In [12]:
import pandas as pd
import numpy as np
import logging
from typing import List, Dict, Tuple

class DataBiasDetection:
    def __init__(self, data: pd.DataFrame):
        """Initialize with dataset."""
        self.data = data
        self.bias_report = {}

    def data_slicing(self, slice_cols: List[str]) -> Dict[str, pd.DataFrame]:
        """Slice data based on unique values in specified columns."""
        sliced_data = {}
        for col in slice_cols:
            unique_vals = self.data[col].unique()
            for val in unique_vals:
                slice_name = f"{col}_{val}"
                sliced_data[slice_name] = self.data[self.data[col] == val]
                logging.info(f"Data slice created: {slice_name} with {len(sliced_data[slice_name])} rows.")
        return sliced_data

    def calculate_statistics(self, sliced_data: Dict[str, pd.DataFrame], feature_col: str) -> Dict[str, float]:
        """Calculate mean statistics for each data slice."""
        slice_statistics = {}
        for slice_name, df_slice in sliced_data.items():
            mean_value = df_slice[feature_col].mean()
            slice_statistics[slice_name] = mean_value
            logging.info(f"Mean {feature_col} for slice {slice_name}: {mean_value:.2f}")
        return slice_statistics

    def detect_bias(self, slice_statistics: Dict[str, float], threshold_ratio: float = 0.2) -> List[Tuple[str, float]]:
        """Detect bias by identifying slices with significant mean deviation.
        Returns the biased slices and their mean values if bias is detected.
        """
        overall_mean = np.mean(list(slice_statistics.values()))
        biased_slices = [
            (slice_name, mean_value) for slice_name, mean_value in slice_statistics.items()
            if abs(mean_value - overall_mean) > threshold_ratio * overall_mean
        ]
        
        # Log bias detection
        if biased_slices:
            logging.warning(f"Bias detected in slices: {[slice[0] for slice in biased_slices]}")
            self.bias_report['biased_slices'] = biased_slices
        else:
            logging.info("No significant bias detected.")
            self.bias_report['biased_slices'] = []

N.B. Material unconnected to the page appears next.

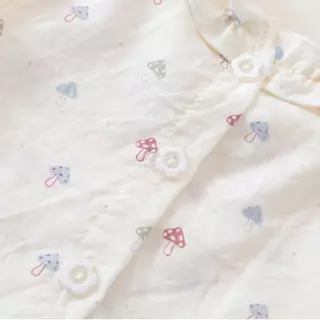 Hania kids สินค้าราคาพิเศษ พร้อมส่ง ชุดเช็ตแขนกุดลายเห็ดสีสัน น่ารัก ชุดเช็ตเด็กผู้หญิง K6126229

        return biased_slices

    def document_bias_report(self) -> None:
        """Log and document bias detection results."""
        logging.info("Bias Report:")
        for key, value in self.bias_report.items():
            logging.info(f"{key}: {value}")

    def mitigate_bias_resample_with_imputation(self, slice_cols: List[str], date_col: str, feature_cols: List[str]) -> pd.DataFrame:
        """Mitigate bias by re-sampling underrepresented slices with rolling average imputation for missing dates."""
        max_count = max(len(self.data[self.data[col] == val])
                        for col in slice_cols for val in self.data[col].unique())
        
        print(self.data.columns)
        
        resampled_data = pd.DataFrame()
        date_range = pd.date_range(start=self.data[date_col].min(), end=self.data[date_col].max(), freq='D')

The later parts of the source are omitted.